The state-clinching win came with starting point guard Corbin Webb, Ary’s freshman brother, out for most of the game with an eye injury.
Sequim executed its defensive game plan, took care of the ball down the stretch and knocked down 8-of-9 free throws with an unconventional lineup that had center Taylor Thorson at point.
“I wouldn’t say [I’m] surprised,” Glasser said of the Wolves’ run to state. “This was the goal all year long. We came about it a little bit differently than I thought.
“What surprised me was how our kids overcame adversity. The fact that we had guys out, injured and sick, and then [there were] people just flat out not thinking we could be here. But our kids believed and that was what I was happily surprised with.”
Glasser said the difference down the stretch, other than a healthy roster that is, was the team’s willingness to buy into roles.

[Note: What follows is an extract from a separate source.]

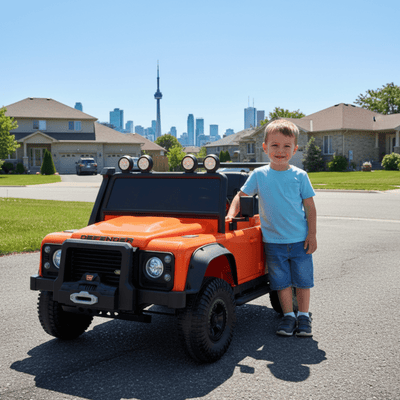 12V Orange Land Rover Defender 1-Seater AWD Ride-on Truck W/ Rubber Wheels, Music Player & RC.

“Each kid is starting to discover and really embrace their role,” Glasser said. “I think that’s the key. That’s what we struggled with last year, and this year our kids are embracing it and realizing that this is what we need to do, that we play to our strengths and stay away from our weaknesses.”
For Ary Webb, that means taking all the big shots, while brother Corbin Webb (1.2 assists per game) distributes, junior forwards John Textor, Jeremie Oliver and Catelli fly around defensively. Seniors Taylor Thorson and Reed Omdal fill in the blanks.
Textor in particular has stepped up his game this season.
The long-armed leaper transformed into a deadly slasher (10.8 ppg) and ball hawker (3.3 steals and 4.7 rebounds per game) this season, giving Sequim a nice second option to Ary Webb.
And just like the rest of the Wolves, Textor plays best with a chip on his shoulder.
“We wanted to prove everyone wrong, and it seems like we kind of did,” the 6-foot-2 junior said. “When we play together, we play really well.”
The last group of Wolves to visit state in 2007, a team Ary Webb played on as a sophomore, were two losses and done. The goal this year is to better that by at least one.
Sequim certainly has nothing to lose, not to mention a decent draw devoid of daunting teams like top-ranked Squalicum and No. 2 Mark Morris.
Tonight’s opponent, Clarkston, won its district after claiming three straight, including a victory over No. 8 West Valley of Spokane last Friday. Yet as the second-place team out of the Great Northern League, the Bantams are by no means juggernauts.
“We’re going [to state] to get a win,” said Glasser, who led the girls team to state two years ago. “I think that our kids have a great shot.
“We’re the underdog. Not many people know a lot about us. Maybe they are not paying attention to us. That’s fine. Hopefully we can sneak up on somebody and surprise a few people.”